I remember the excitement I felt, when I would go to watch a movie. I would be eager to search my seat and wait for the movie to start. There used to be that inevitable National films division documentary, an advertisement for "Vicco Vajradanti" cream and toothpaste and some depressing Black and White short film about agriculture. I would get fidgety and restless and then the movie would start. Three hours would rush by and I would be mesmerised and engrossed in the fights scenes, songs and the histrionics of the actors.

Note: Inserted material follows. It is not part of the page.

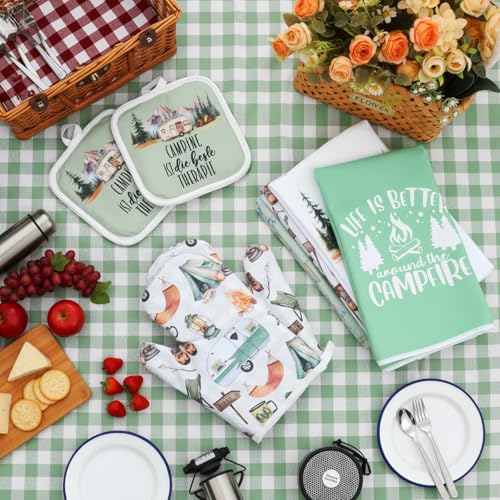 8-Piece Camping Kitchen Set: 4 Microfiber Towels, 2 Oven Mitts, 2 Pot Holders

The English movies were even a bigger treat as they were screened at only a few dedicated cinema halls. I have seen Benhur, Ten Commandments, Mackenna's Gold, Where Eagles dare and a lot of cowboy movies in the cinema hall with my sister. I had a secret crush on Charlton Heston and his Blue eyes.Many a times, I did not understand the American twang but the action scenes made the story quite clear. I have dragged so many of my friends to see even downright shoddy movies, such was the pull of cinema for me.
Even today, I feel the same excitement and thrill, when I book those tickets and buy that bucket of popcorn and sit to experience the wonder of cinema. For those three hours, I forget my worries and I am ready to be swept away on another wonderful adventure with the characters in the movie.
This is my tribute to the 100 years of Indian cinema and to all the people who take us to breathtaking places and introduce us to stories that enrich our lives and make us feel emotions, we never knew, we had.